EXERCISE INPUTS
• • • • • • •
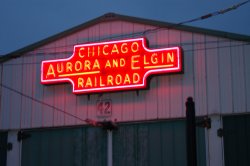 The CA&E Sign lit up!  Photo by Dave Diamond.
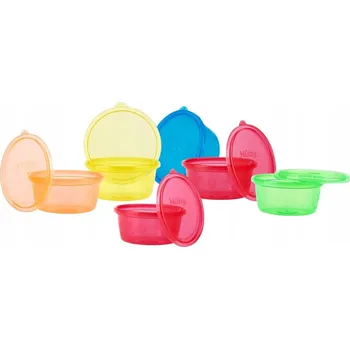 Nuby - Kelímky na svačinu - 6 ks s víčky - 300 ml - 3+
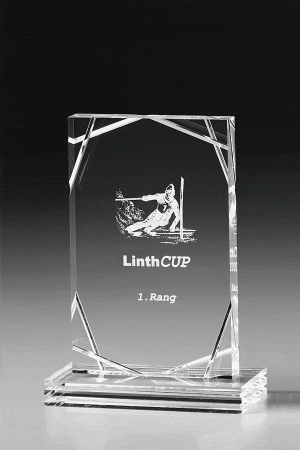 Glastrophäe "Abax Award" mit Glasgravur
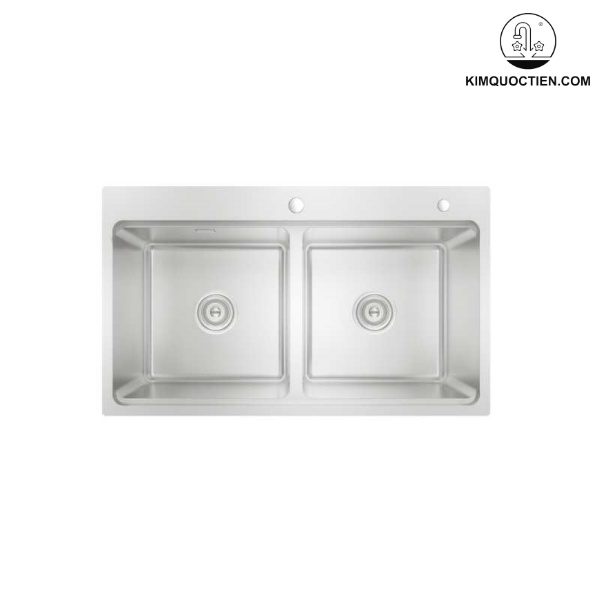 Chậu rửa chén 2 hộc cơ bản được sản xuất từ inox 304 sáng bóng, đảm bảo an toàn trong quá trình sử dụng
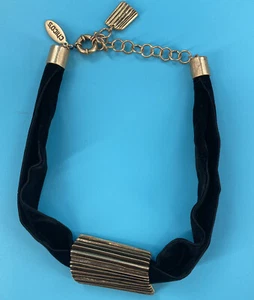 Chico’s Black Velvet Slider Pendant Necklace Runway Statement Modernist - Picture 1 of 5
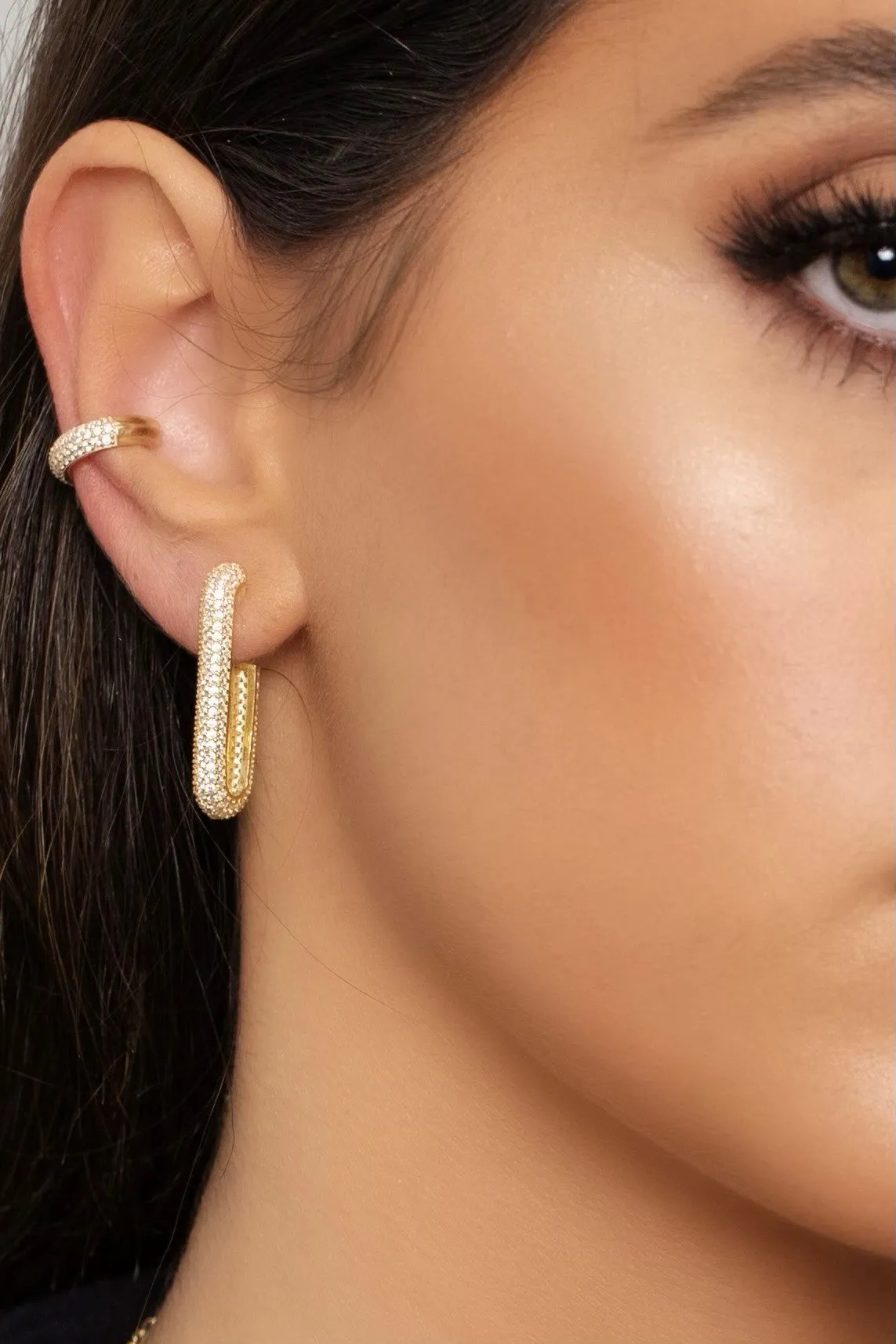 Large Pavé Drop Hoop Earring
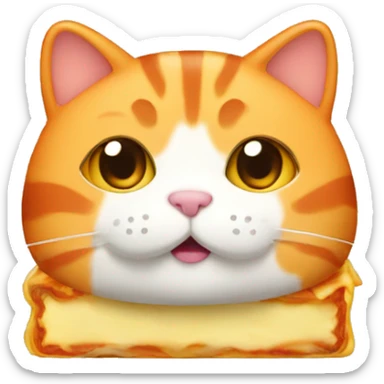 A chubby orange cat with lasagna sticker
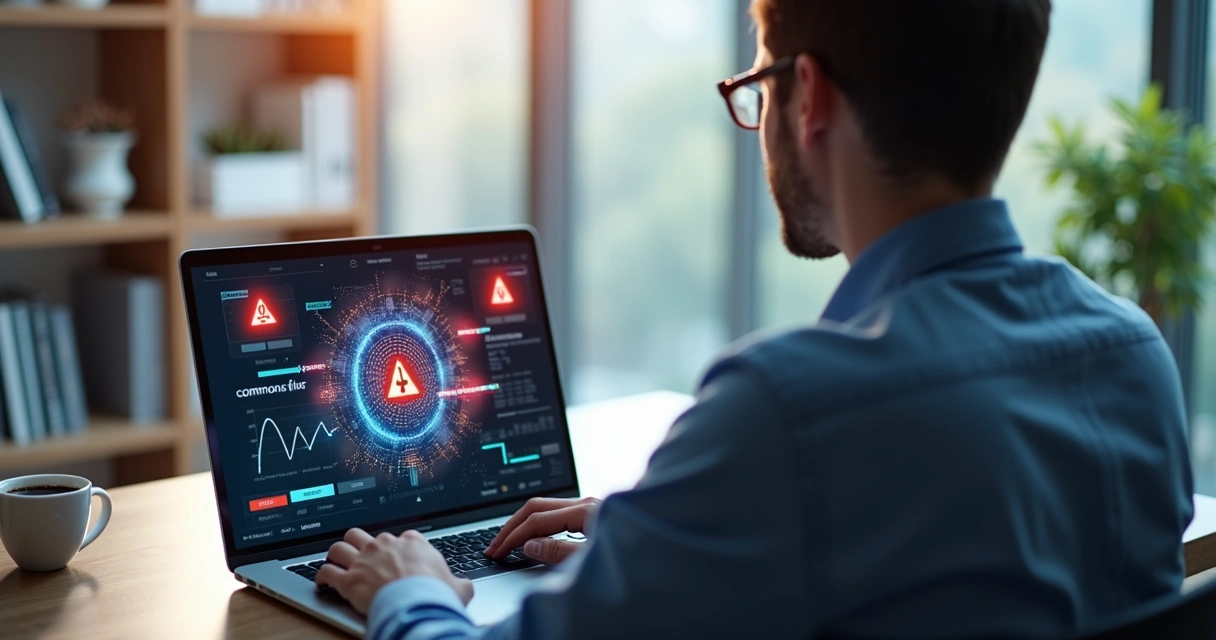 Pessoa diante de computador com representações digitais de inteligência artificial e sinais de alerta visíveis na tela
• • • • • • •
WHAT NEEDS TO BE DONE
Output all of the listing above, exactly as given, but without its pictures.

ANSWER BOX
 The CA&E Sign lit up!  Photo by Dave Diamond.
 Nuby - Kelímky na svačinu - 6 ks s víčky - 300 ml - 3+
 Glastrophäe "Abax Award" mit Glasgravur
 Chậu rửa chén 2 hộc cơ bản được sản xuất từ inox 304 sáng bóng, đảm bảo an toàn trong quá trình sử dụng
 Chico’s Black Velvet Slider Pendant Necklace Runway Statement Modernist - Picture 1 of 5
 Large Pavé Drop Hoop Earring
 A chubby orange cat with lasagna sticker
 Pessoa diante de computador com representações digitais de inteligência artificial e sinais de alerta visíveis na tela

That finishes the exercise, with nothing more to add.